Signs: CASTLE DANGER, GOOSEBERRY STATE PARK. BEAVER BAY and SILVER BAY, where immense chalk clouds balanced over hulking relics of the iron mining industry. The road was narrow, two lanes curling and dipping.

Getting remote, wilder.

Tofte, Lutsen, and then Caren showed him where to turn on the gravel road that twisted up a ridge. A small sign with the number 4. Away from the familiar highway, even with the windows up, and the heater on, Tom could hear the trees groan in the wind, an eerie sound that disturbed his city-trained ears. And he could feel the deep-woods chill. At Caren’s direction he slowed and then stopped. A dark narrow lane carpeted with pine needles wandered into the trees. The access was barred by a logging chain strung between two pines.

Caren got out and felt around the roots of one of the chained trees. She held up a rusted Sucrets tin. Opened it and took out a key. Tom forced the rusty Yale lock open and dropped the chain. Drove in. Put the chain back up.

Tom checked the deserted road. Just the low howl of the wind, the heaving pine crowns. Alone.

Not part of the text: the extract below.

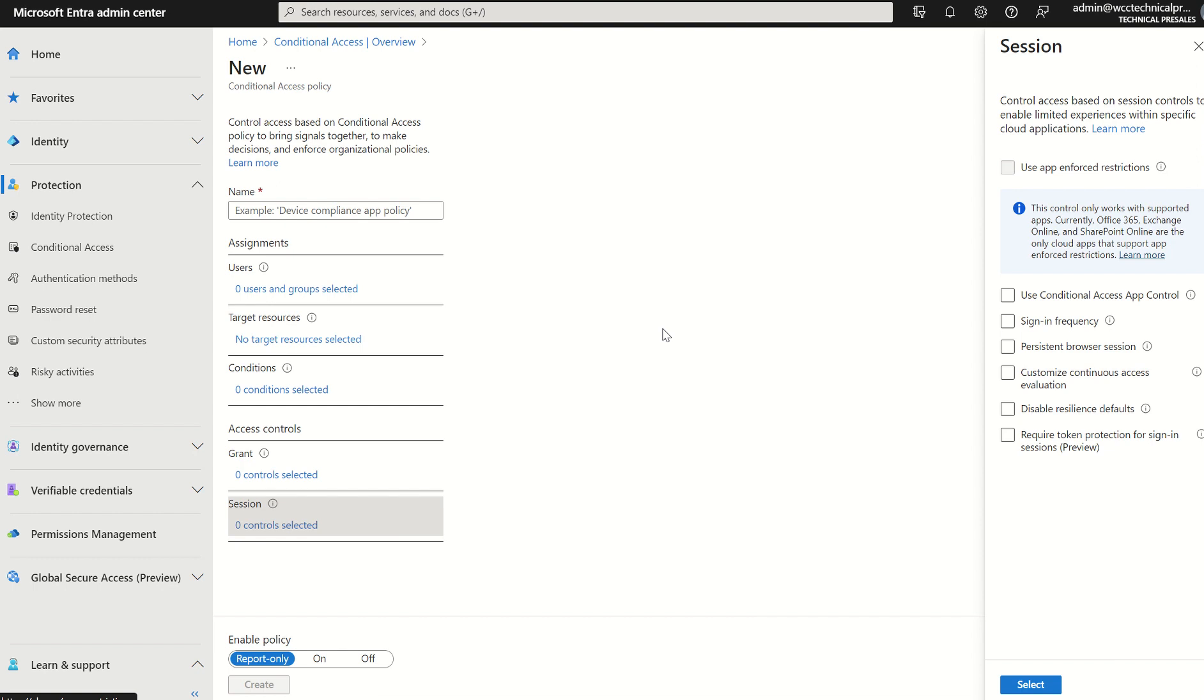Or to extract data from the organization and expose that to the public domain. There's also other options a threat actor can take, maybe inject some malware on the physical device or endpoint itself and extraction of logs to be able to gain visibility over the token itself.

A hundred yards up the bumpy track they came to a sagging cedar plank cabin on a boggy pond. Caren’s expression fit right in; it was the most desolate place Tom had ever seen.

The cistern was another hundred yards from the cabin, in thick undergrowth and jack pine. It took Caren half an hour to find it. Stonework from another century jutted from the moss and pine needles. Rusted sheets of buckled metal bolted to gray wormwood heaped over the sides. A mattress spring.

Orange, flaking refuse; decaying tin cans.